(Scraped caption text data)
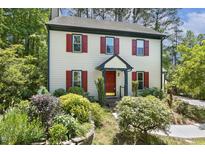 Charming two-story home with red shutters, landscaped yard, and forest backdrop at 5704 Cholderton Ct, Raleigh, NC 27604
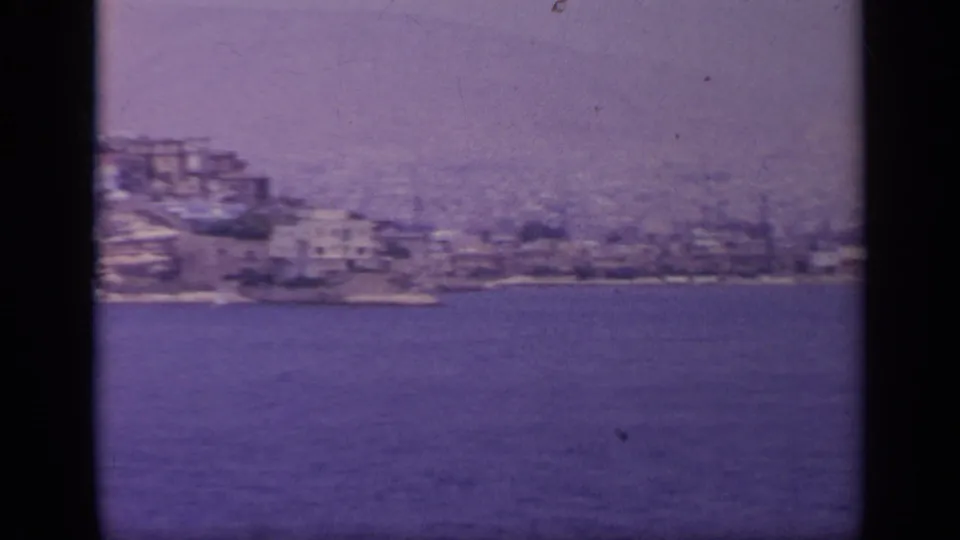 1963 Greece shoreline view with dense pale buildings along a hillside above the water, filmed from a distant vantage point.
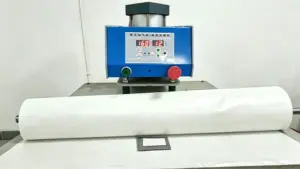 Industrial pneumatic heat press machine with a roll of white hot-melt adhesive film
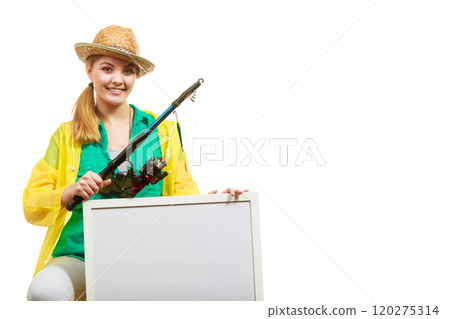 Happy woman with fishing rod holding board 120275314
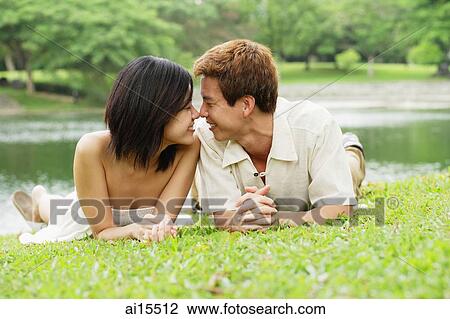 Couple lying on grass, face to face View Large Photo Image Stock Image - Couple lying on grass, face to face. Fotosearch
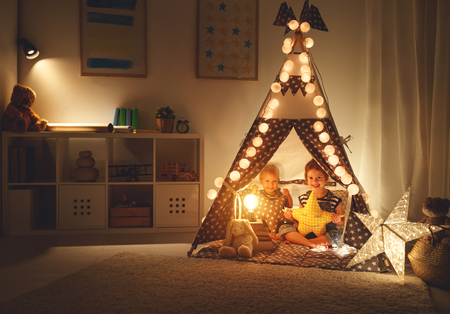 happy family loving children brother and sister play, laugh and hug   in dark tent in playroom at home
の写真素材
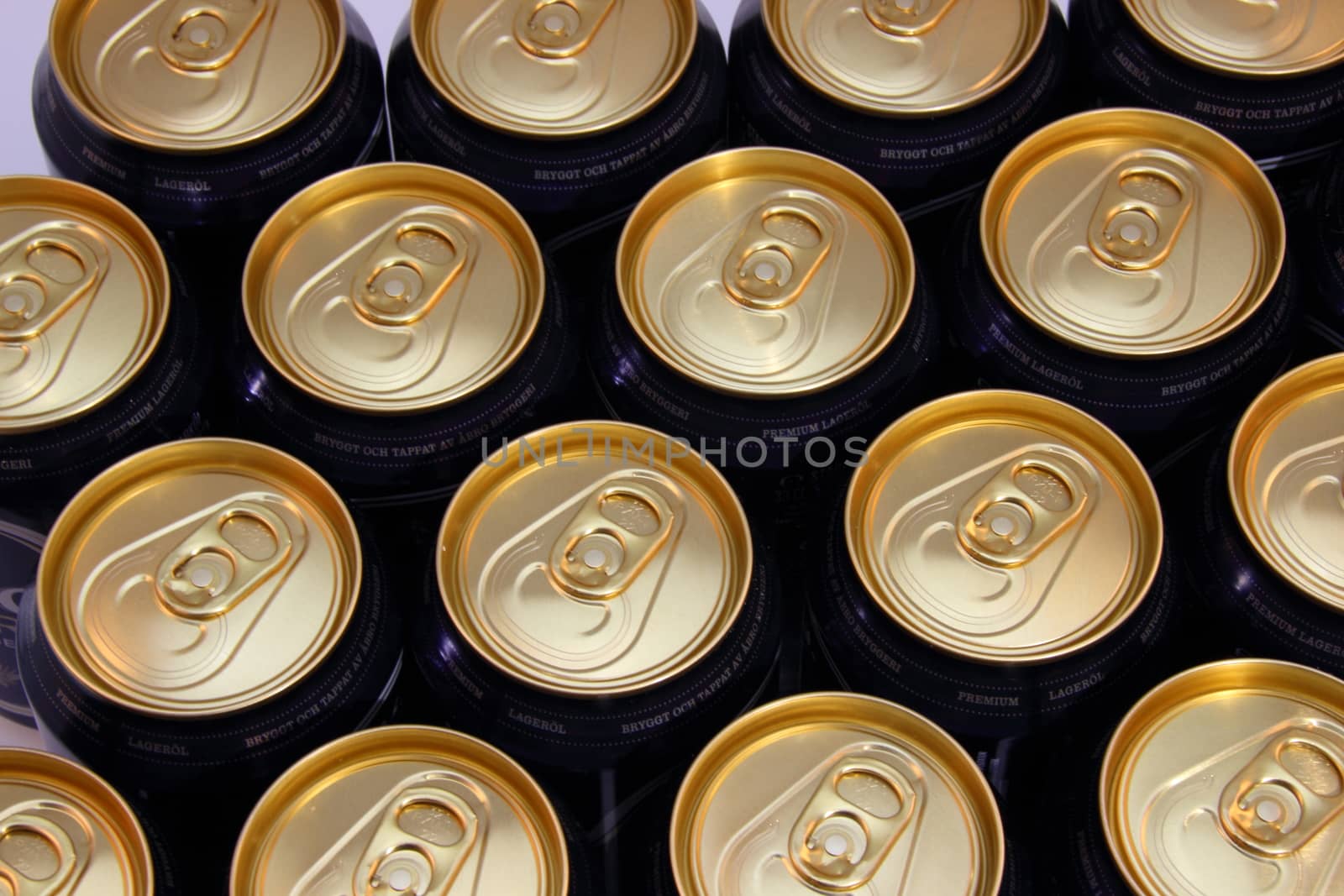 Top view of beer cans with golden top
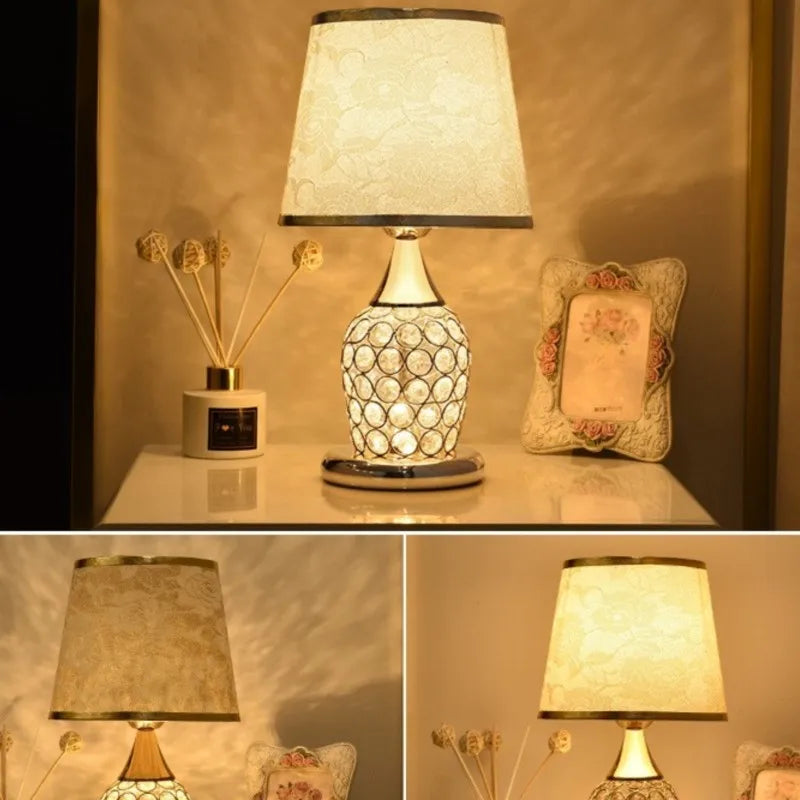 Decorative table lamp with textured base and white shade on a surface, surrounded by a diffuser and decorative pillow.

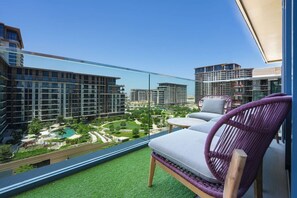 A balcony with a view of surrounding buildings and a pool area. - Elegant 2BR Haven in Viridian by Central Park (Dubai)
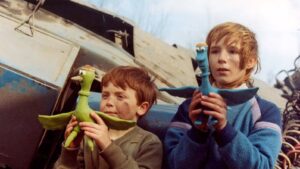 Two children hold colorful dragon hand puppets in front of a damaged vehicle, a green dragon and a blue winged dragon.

→ **Work to complete**
Extract exactly the lines above from the line containing "happy family loving" through the last one, both ends included, but not the pictures.

→ **Exercise answer**
 happy family loving children brother and sister play, laugh and hug   in dark tent in playroom at home
の写真素材
 Top view of beer cans with golden top
 Decorative table lamp with textured base and white shade on a surface, surrounded by a diffuser and decorative pillow.

 A balcony with a view of surrounding buildings and a pool area. - Elegant 2BR Haven in Viridian by Central Park (Dubai)
 Two children hold colorful dragon hand puppets in front of a damaged vehicle, a green dragon and a blue winged dragon.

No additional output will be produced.